【パイオニア創業者】松本望の名言

「社員の中には知恵がある人間がたくさんいる。
そういうひとたちから自由さ、創造の喜びを奪ってはいけない。
無鉄砲なくらいのチャレンジをさせなくては企業の若さは保てない」

発言者:松本望

松本望さんってどんな人?

松本望(のぞむ)は、神戸の教会に生まれました。彼は中学校を1年で中退し、文房具店で丁稚奉公を始めたが長続きせず、楽器商、家具職人、ピアノ調律師、無線技師など職業を転々とします。昭和3(1928)年には、妻の実家である谷山商店の大阪支店を譲り受け、ラジオ商を始めました。
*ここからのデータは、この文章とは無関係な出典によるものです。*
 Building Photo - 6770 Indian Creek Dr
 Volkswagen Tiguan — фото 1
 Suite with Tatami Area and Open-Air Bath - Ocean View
当時、ラジオは最先端の電気製品として、おおいに一般庶民の人気を集めていましたが、開店の翌年に世界大恐慌が起きたため、松本夫妻はその日の米にも困るほどの辛酸をなめました。

その松本望が音響機器に興味を持ったきっかけは、この頃にアメリカ製の「ダイナミック・スピーカー」に出合ったことです。彼は、このスピーカーから流れる音を聞き、「こんなに素晴らしい音があったのか」と感動し、この音を多く人に聞かせたいと願いました。
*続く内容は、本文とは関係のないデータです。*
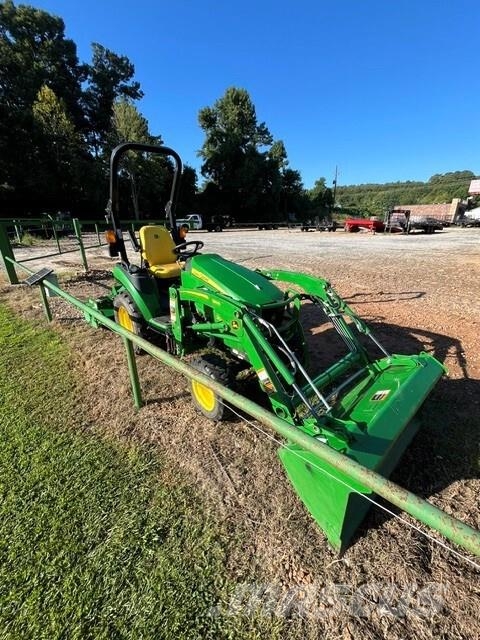 John Deere 2025R Kompakte traktorer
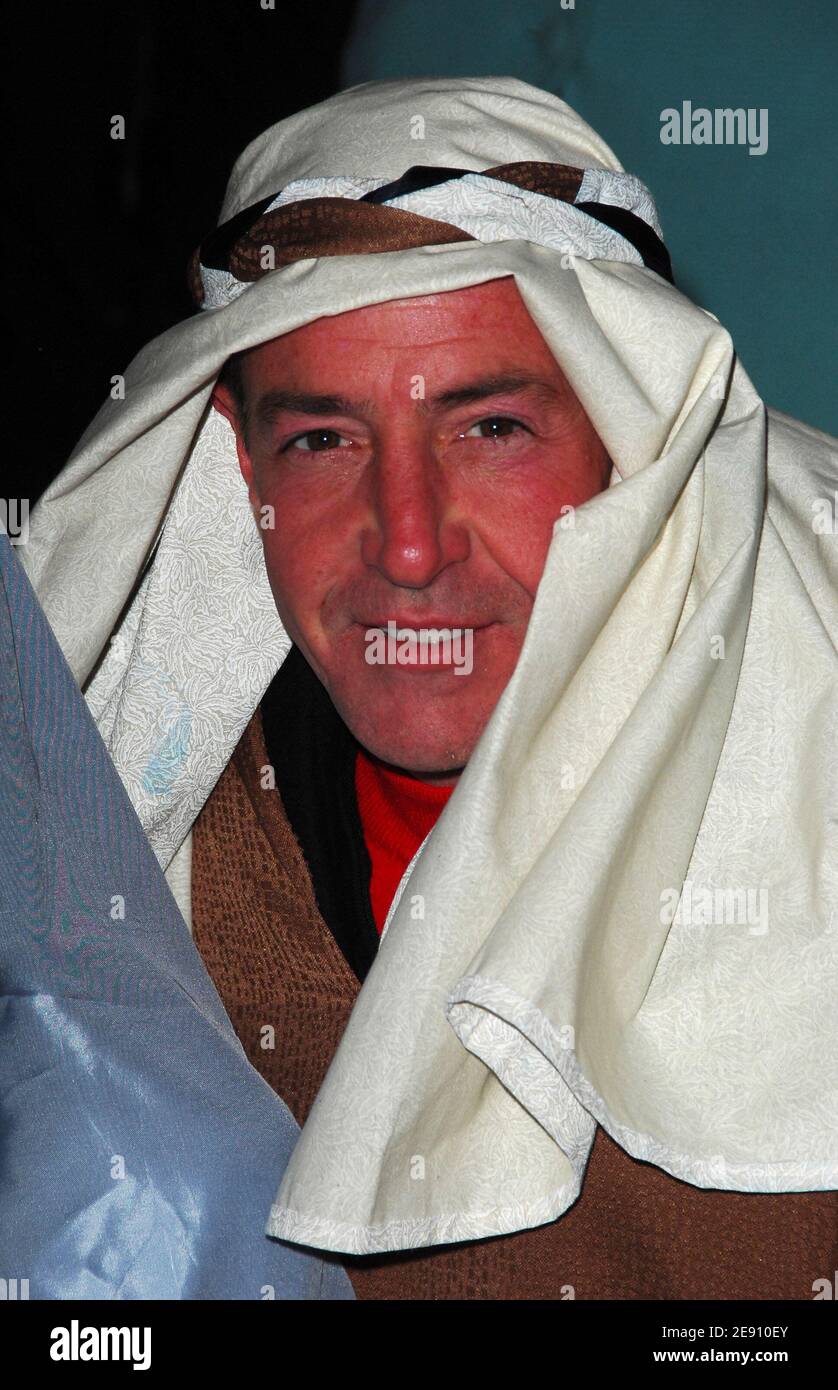 Michael Lohan, père de Lindsay Lohan, pose comme Joseph pour le 2e projet annuel de danse Times Square Live Nativité Scene au Fire Fighters 911 Memorial à Times Square, New York City, États-Unis, le 18 décembre 2007. Photo de Gregorio Binuya/ABACAUSA.COM (photo: Michael Lohan) Banque D'Images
そして、松本望は昭和12年に東京進出を果たし、福音商会電機製作所を設立。第二次世界大戦後の昭和22年に社名を福音電機株式会社に改め、昭和25年に国産初のダイナミック・スピーカーの開発、販売を開始した。ちなみに、現社名の「パイオニア」は、このスピーカーの商標でした。
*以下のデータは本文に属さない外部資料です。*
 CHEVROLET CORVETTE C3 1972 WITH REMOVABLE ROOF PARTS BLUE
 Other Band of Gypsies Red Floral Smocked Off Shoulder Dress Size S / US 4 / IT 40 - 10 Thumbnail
松本望が「国産のダイナミック・スピーカー」を作ると言い出したとき、周囲の人達はみんな「無理だ」「無謀だ」と反対しました。しかし、彼のその無謀にあえてチャレンジし、パイオニアを築き上げました。松本望のチャレンジ精神と懐の深さは年老いても衰えることはなく、たとえばレーザーディスク販売開始時の売れ行き不調に不安の色をみせた石塚庸三(当時の社長)を「まったくの新製品なのだから売れなくて当たり前だ。あわてるな!」と一括したといいます。

企業にとって業績は重要です。しかし、業績ばかりに目を奪われていたら、その企業に未来はありません。「無謀だ」と思えるくらいのチャレンジ精神が、企業の未来を明るく照らすのです。